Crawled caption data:
---

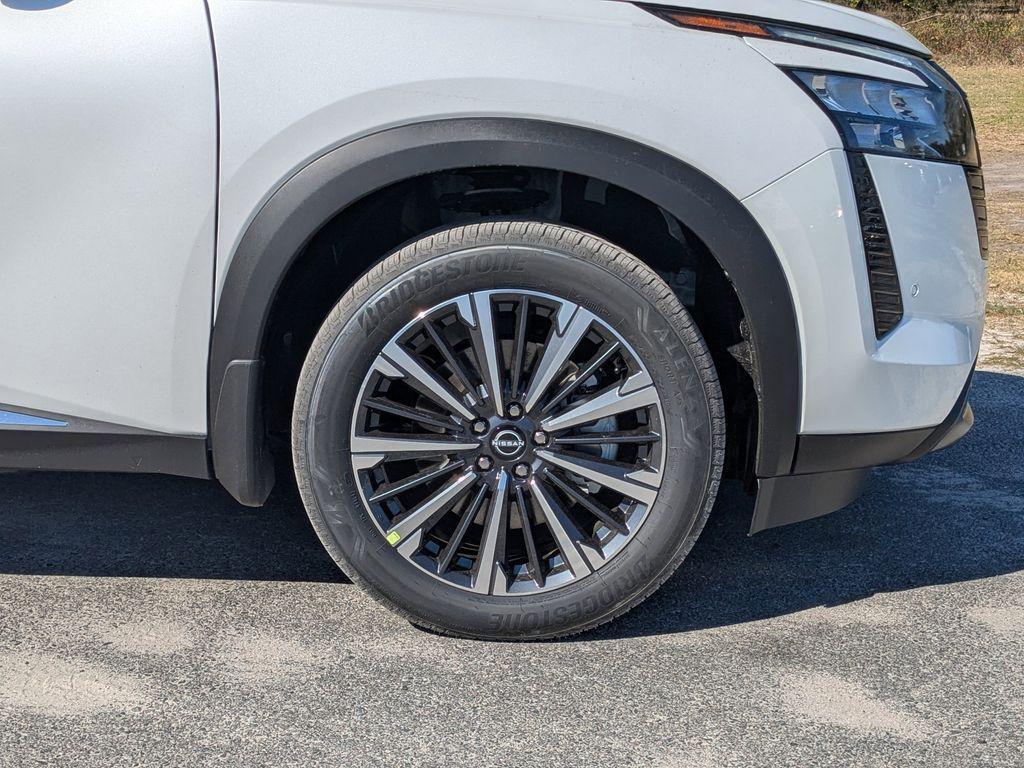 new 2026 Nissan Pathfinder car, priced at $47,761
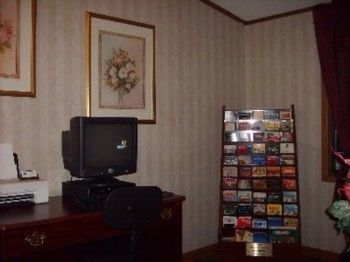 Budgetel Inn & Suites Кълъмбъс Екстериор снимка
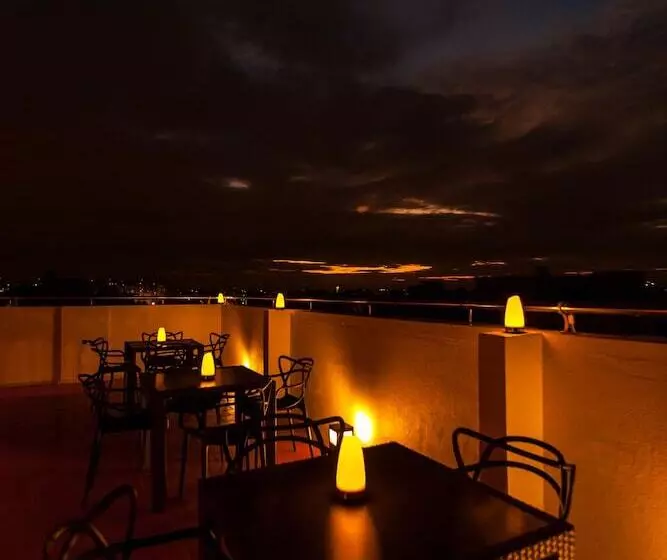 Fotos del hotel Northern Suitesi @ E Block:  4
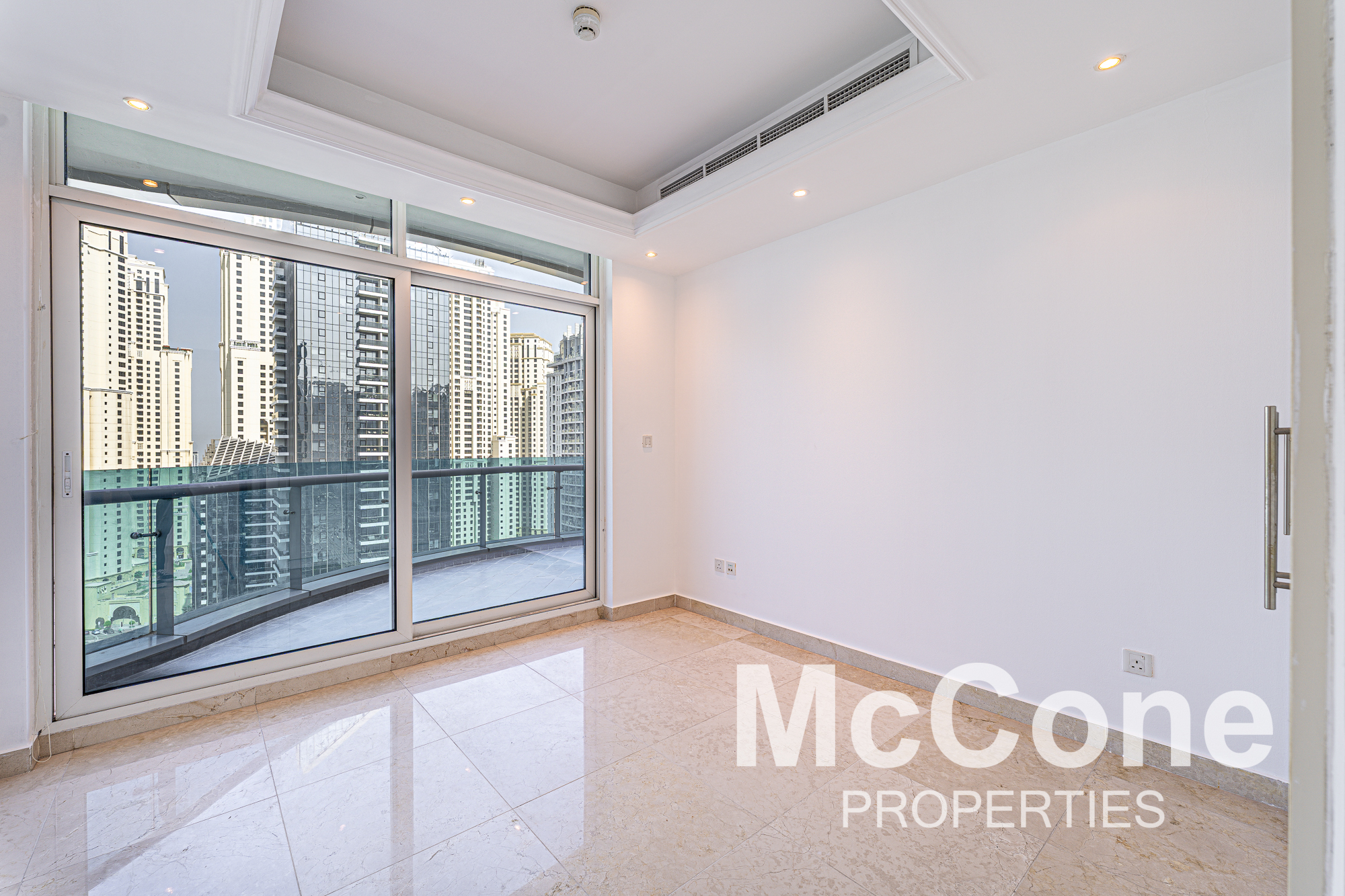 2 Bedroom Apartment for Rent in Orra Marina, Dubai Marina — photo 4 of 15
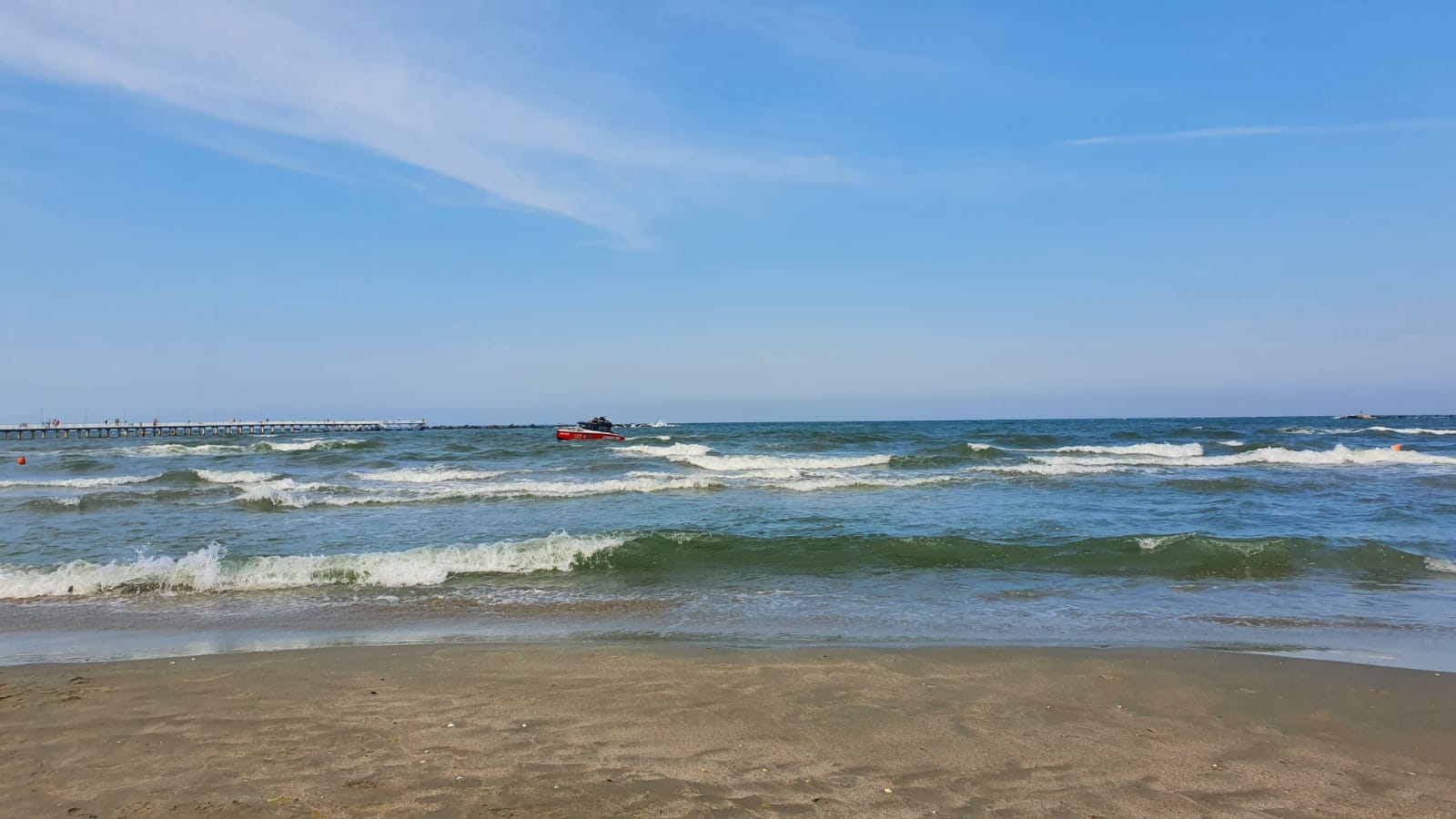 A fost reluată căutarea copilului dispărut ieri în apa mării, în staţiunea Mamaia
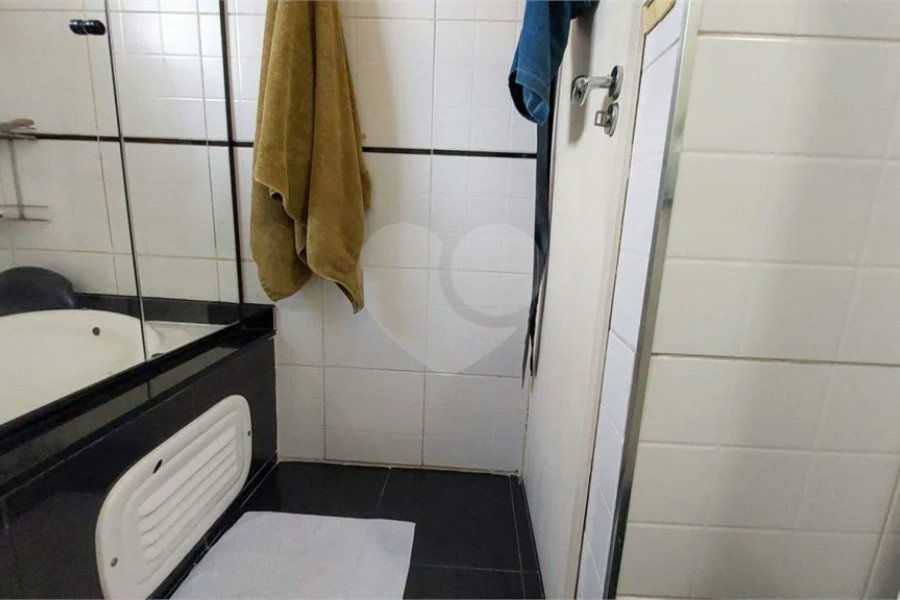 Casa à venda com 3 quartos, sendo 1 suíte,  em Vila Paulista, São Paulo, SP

---

> _WHAT YOU SHOULD DO_:
Once the line containing "A fost reluată" is found, copy it and each line after it through the end of the entries above exactly; nothing else, and no pictures.

> _RESPONSE_:
 A fost reluată căutarea copilului dispărut ieri în apa mării, în staţiunea Mamaia
 Casa à venda com 3 quartos, sendo 1 suíte,  em Vila Paulista, São Paulo, SP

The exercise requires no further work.